Poverty And Social Inequality In Good Will Hunting

The film, ‘Good Will Hunting’ directed by Gus Van Sant and played by Matt Damon, was about an unknown genius who, as part of a disrupted trial after assaulting a police officer, he becomes a psychiatrist’s client and learns advanced mathematics with a widely known professor. Will Hunting is a headstrong, employed-class genius who struggles to understand the lessons of life. The Gender/ feminist lens and a Marxist lens are the lenses chosen by the writer.

Will Hunting is a mathematical genius who grows up on the wrong side of the path. As a child, he witnessed tremendous physical abuse. Once Will goes on a date with Skylar, a rich Harvard student performed by Minnie Driver, he lies to her about having 12 brothers. This teaches everyone about the pain he carries about becoming an abused child. As the love between Will and Skylar develops, so does the trust. As Skylar encourages Will to come to California with her to join the med school, Will is behaving out of all the classic avoidance techniques of someone who avoids disappointment out of guilt. He shows his discomfort in the idea of going to California with Skylar, where she may find something else out about him that she doesn’t like and doesn’t want to be with him anymore. Instead, he makes up explanations by not being ready to go to California. In this situation, Will fears rejection, attachment, insecurity, and weakness to the level that he is ready to go against his life’s love. Will was taken to a psychiatrist or therapist. Healing is taking place between men. They are not saying that this can’t possibly happen with a woman therapist or a female partner, but in this experience, women have a difficult time understanding about men’s guilt without judging. Will Hunting wore a lot of armor like many men. It takes a lot of patience to break through the obstacles and touch the heart of a person. At one point, Will drags Sean, but Sean manages to keep taking the lead and restating, “It’s not your fault.” and then Will starts crying and he says, “I am sorry.” Although Sean started telling him over and over that it was really not his fault, Will took the responsibility for everything. The tears wash it away all this unreasonable guilt and fear.

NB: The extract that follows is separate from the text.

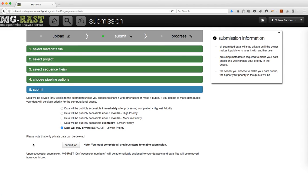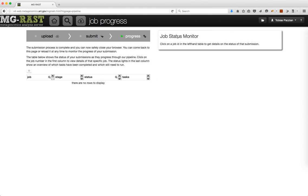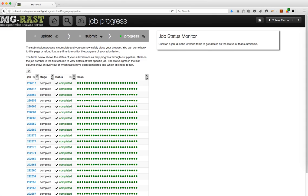When your submission is complete, you will be forwarded to the pipeline page, which will show you the progress of your data through our pipeline. Once your job is complete, you will also receive a notification via email.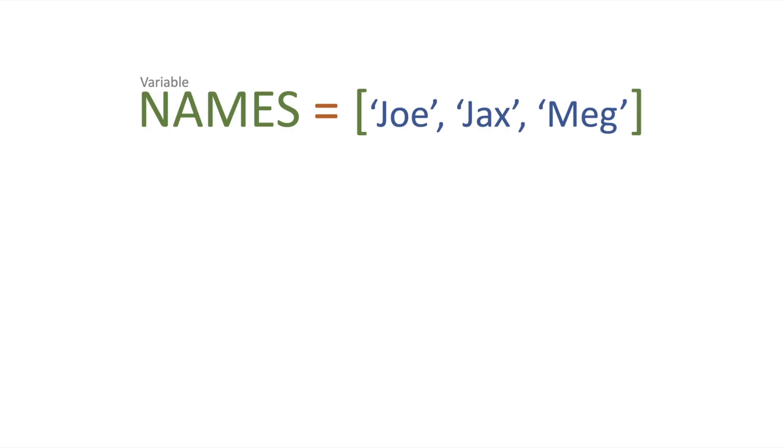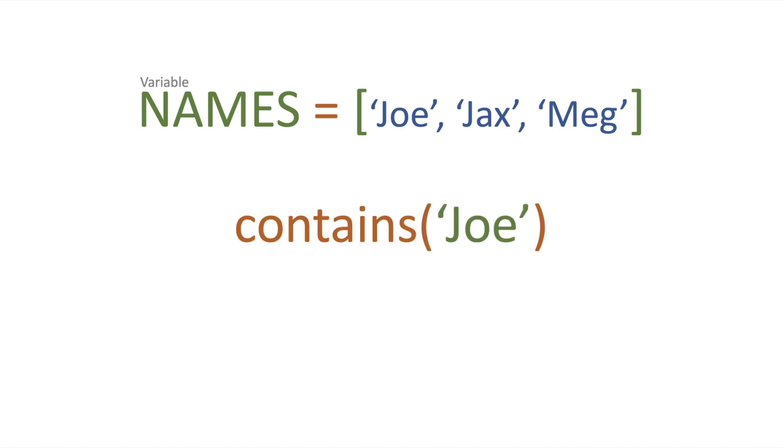So let's say we've got a variable of names. We've got Joe, Jax and Meg. How do we actually see if Joe exists within our collection? We use a function called contains and we pass in a parameter of Joe and that's expected to return a true because Joe does exist within that collection.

Will Hunting is a janitor at the Massachusetts Institute of Technology, where he soon finally finds that he’s more than just a janitor and that he’s a total genius. In today’s society, the lower classes tend to be criticised for their less bad circumstances, and blue-collar people are stereotyped as uneducated and unenlightened, and there is a false belief that if only they worked a little harder, and some intellect, they would easily start rising through the ranks of the cultural and social-economic ladder. However, such ideas are addressed in the movie Good Will Hunting. Through the progress of Will Hunting’s best friends as characters and the awareness of the gap between the social groups, they show that due to unbalanced opportunities and the real possibility of upward stability, hard work is not enough to break out from the working class. They want Will to have a high and decent job. Understanding the gap between the cultural and social-economic classes, the interpretation of Will Hunting and the honestly thought-provoking private conversations Will has had with his therapist, they manage to totally eliminate the stereotypes that define the working class as lazy and unintelligent.

Gus Van Sant, the director of the movie, silently examines the reality of child abuse, which is more typical in lower-class families, and through it delivers a taste of the compilation of cruelties that affect the working class, by giving the listener the real perpetrator of the cycles of poverty.